# How to complete this task
Print all the data that follows exactly, images excluded.

# Information provided
▼▼▼

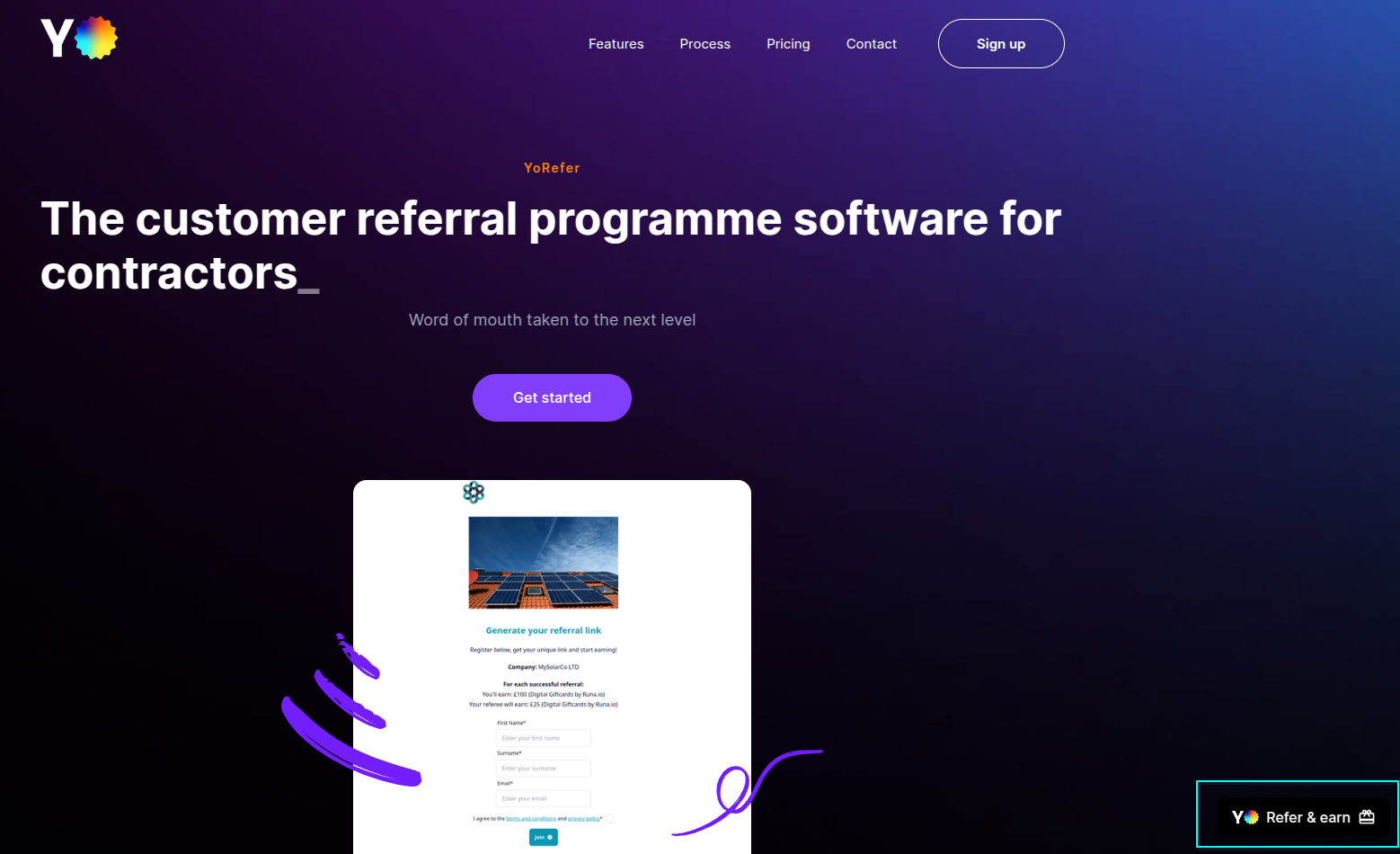 Referral button widget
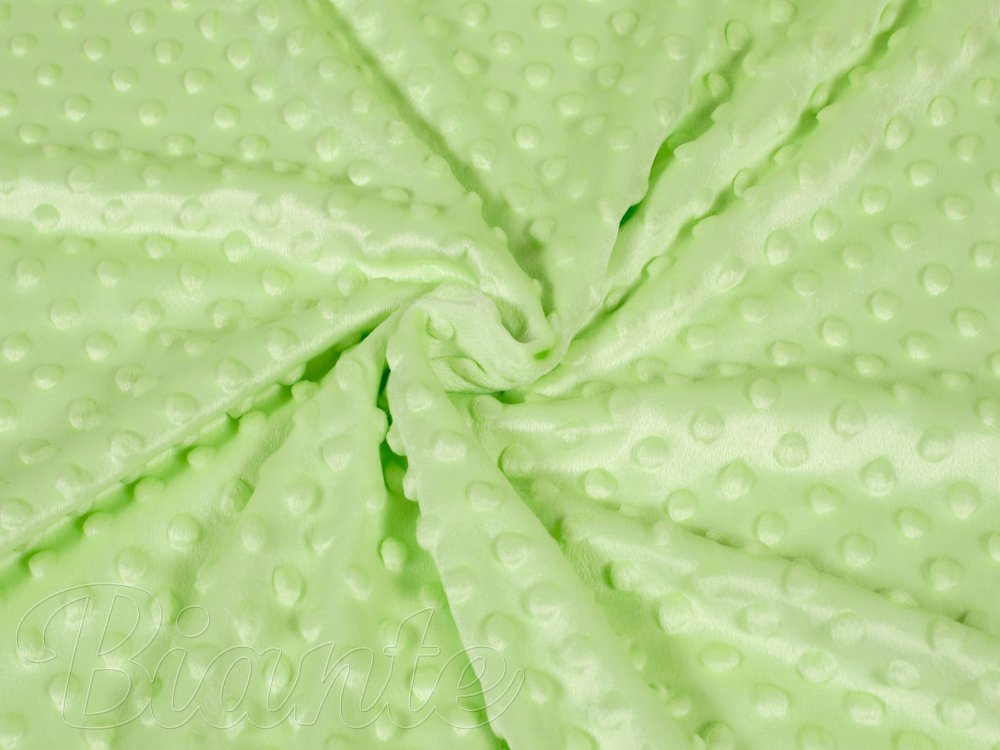Dětská látka Minky 3D puntíky MKP-005 Pastelová světle zelená - šířka 150 cm - detail 1 - Biante.cz Dětská látka Minky 3D puntíky MKP-005 Pastelová světle zelená - šířka 150 cm - detail 1 - Biante.cz
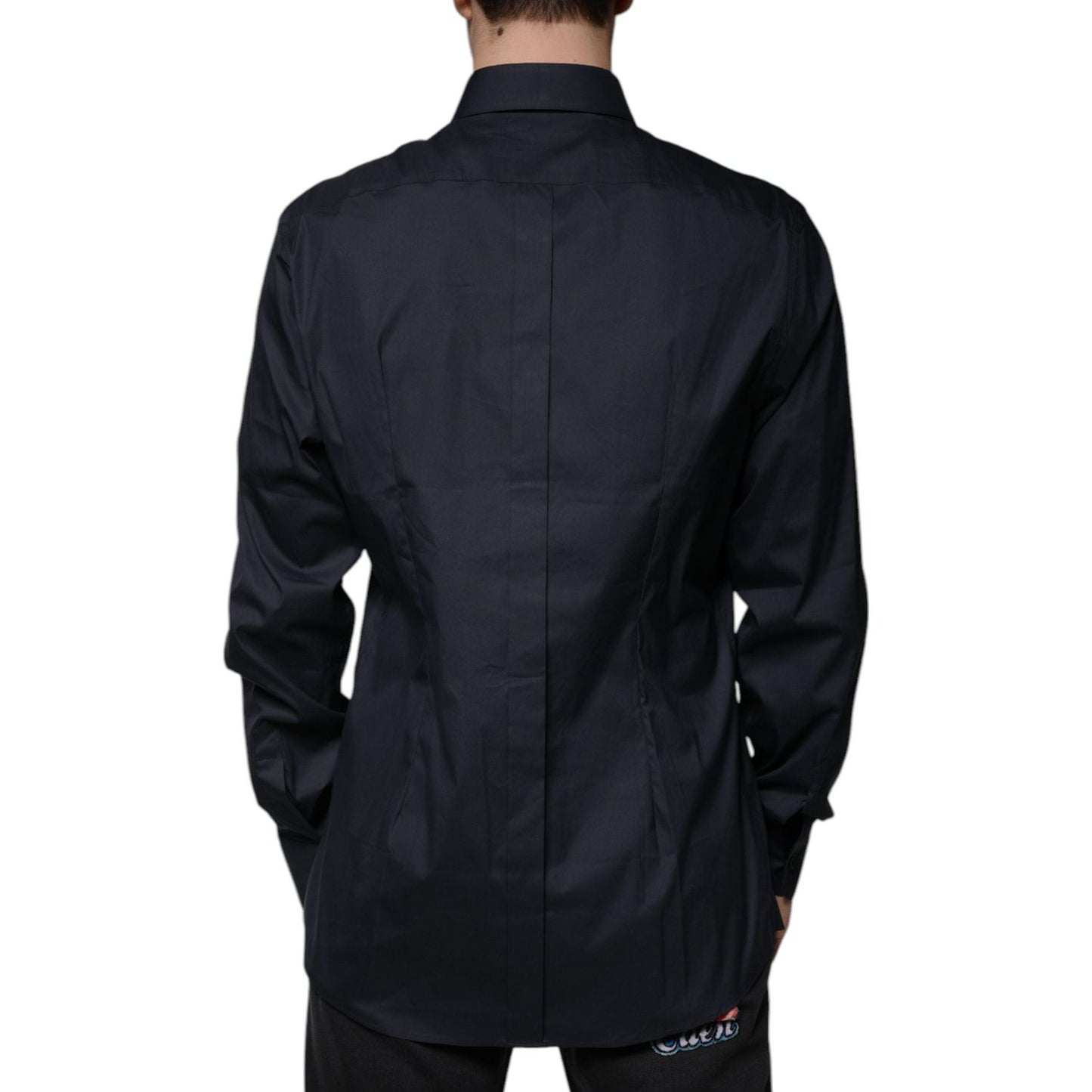Dolce & Gabbana Black Cotton Blend Formal GOLD Dress Shirt Dolce & Gabbana Black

▲▲▲

# Final answer
 Referral button widget
Dětská látka Minky 3D puntíky MKP-005 Pastelová světle zelená - šířka 150 cm - detail 1 - Biante.cz Dětská látka Minky 3D puntíky MKP-005 Pastelová světle zelená - šířka 150 cm - detail 1 - Biante.cz
Dolce & Gabbana Black Cotton Blend Formal GOLD Dress Shirt Dolce & Gabbana Black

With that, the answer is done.